● **What the task requires**:
Nothing but the records, copied exactly and stripped of pictures, should be in the answer.

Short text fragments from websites
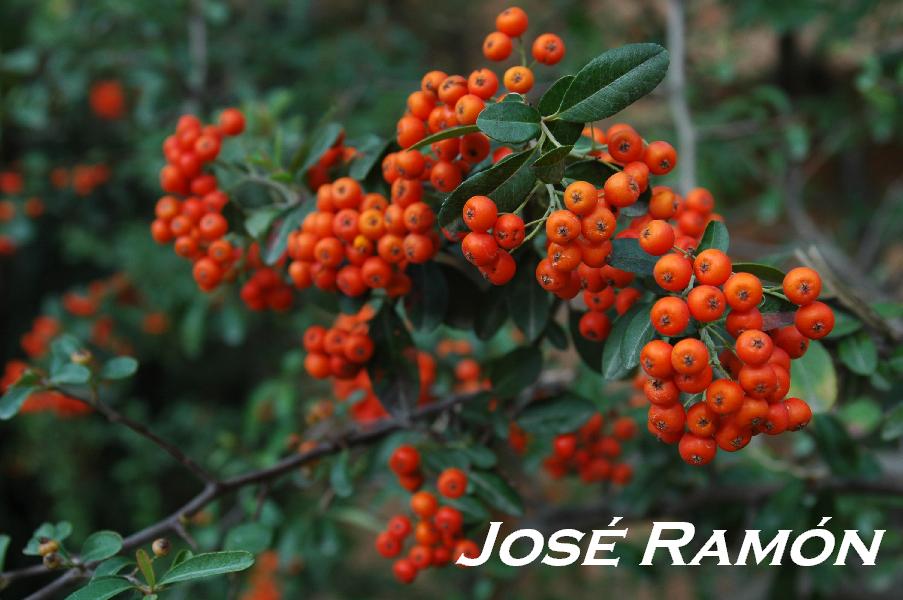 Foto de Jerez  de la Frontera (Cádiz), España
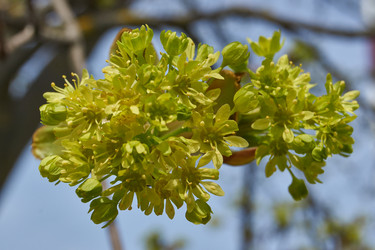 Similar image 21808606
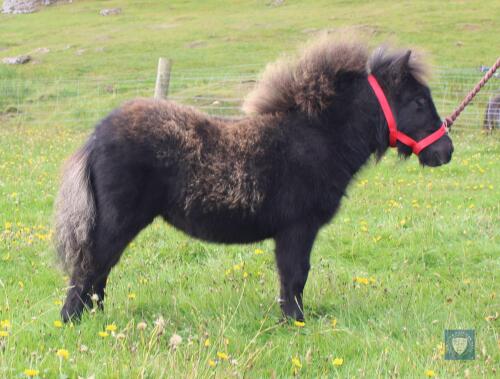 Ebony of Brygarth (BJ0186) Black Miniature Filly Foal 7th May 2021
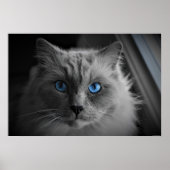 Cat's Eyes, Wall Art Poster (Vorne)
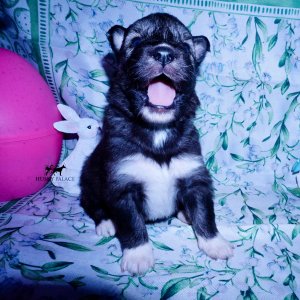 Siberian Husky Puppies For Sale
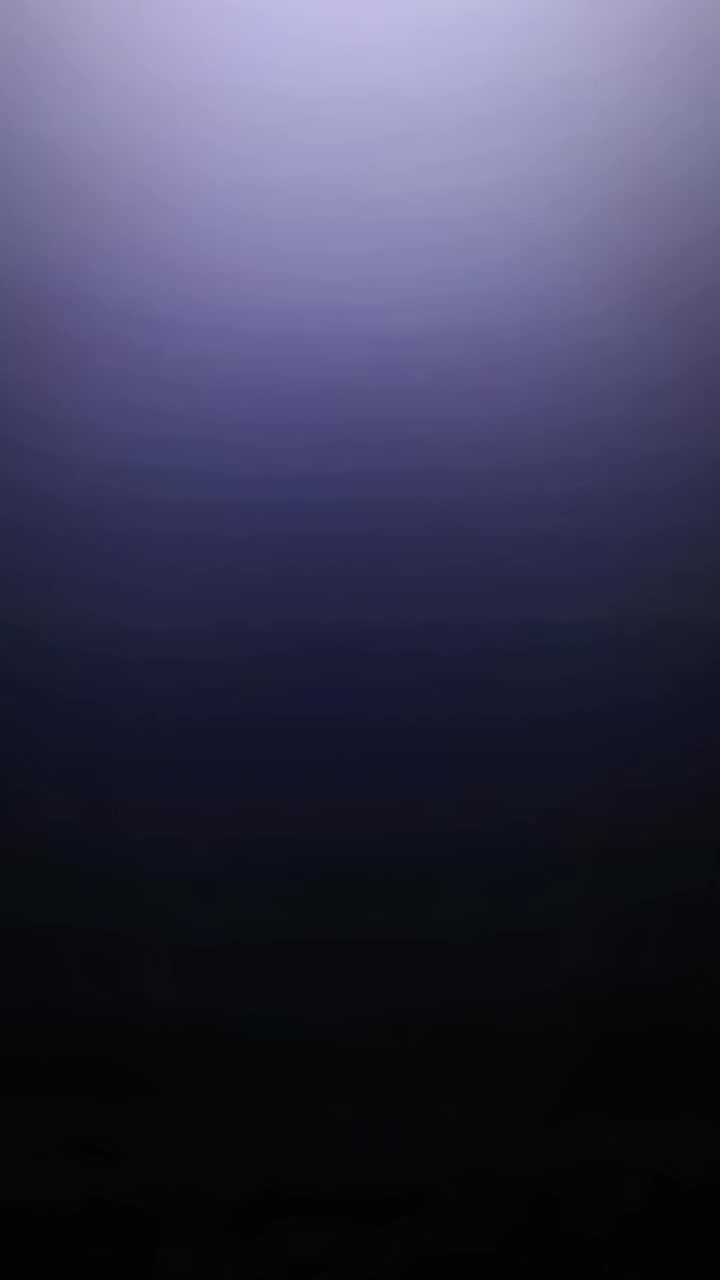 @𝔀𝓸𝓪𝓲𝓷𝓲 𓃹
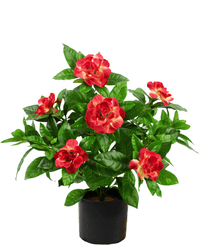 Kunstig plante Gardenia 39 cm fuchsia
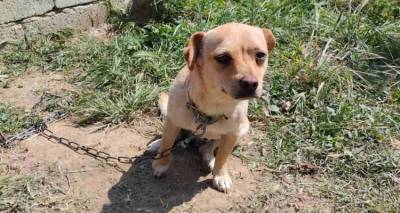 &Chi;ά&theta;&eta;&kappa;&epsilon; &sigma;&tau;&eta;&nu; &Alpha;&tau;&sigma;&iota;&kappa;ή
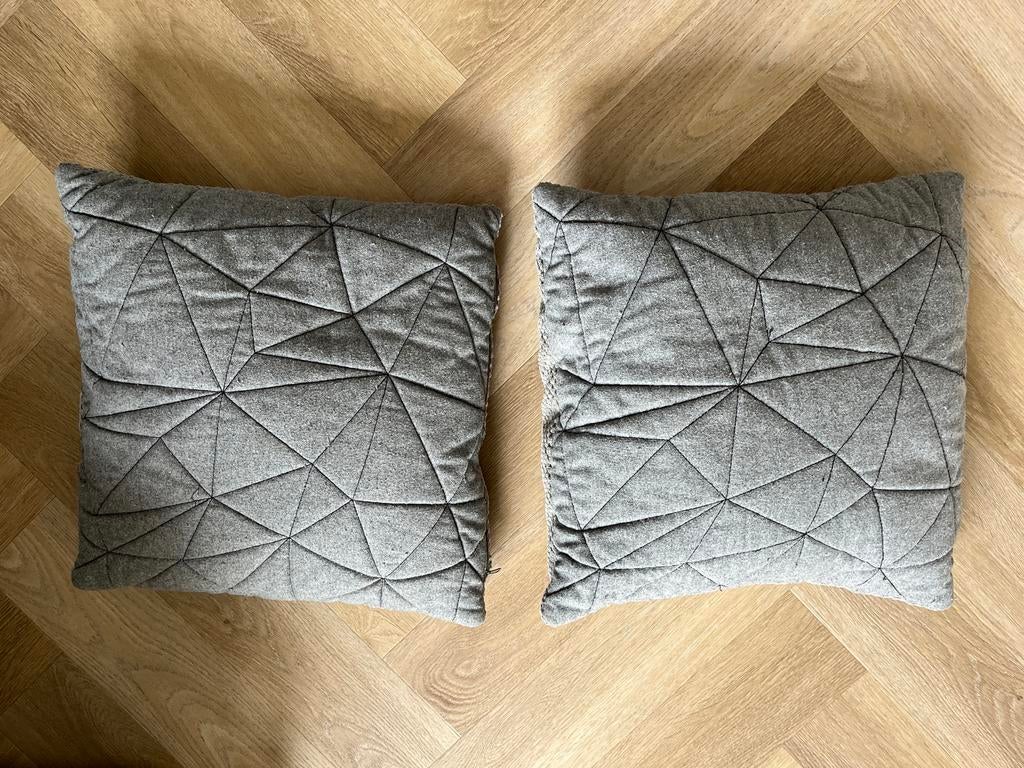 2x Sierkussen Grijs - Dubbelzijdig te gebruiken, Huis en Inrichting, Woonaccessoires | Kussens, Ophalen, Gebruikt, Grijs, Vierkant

● **Answer box**:
 Foto de Jerez  de la Frontera (Cádiz), España
 Similar image 21808606
 Ebony of Brygarth (BJ0186) Black Miniature Filly Foal 7th May 2021
 Cat's Eyes, Wall Art Poster (Vorne)
 Siberian Husky Puppies For Sale
 @𝔀𝓸𝓪𝓲𝓷𝓲 𓃹
 Kunstig plante Gardenia 39 cm fuchsia
 &Chi;ά&theta;&eta;&kappa;&epsilon; &sigma;&tau;&eta;&nu; &Alpha;&tau;&sigma;&iota;&kappa;ή
 2x Sierkussen Grijs - Dubbelzijdig te gebruiken, Huis en Inrichting, Woonaccessoires | Kussens, Ophalen, Gebruikt, Grijs, Vierkant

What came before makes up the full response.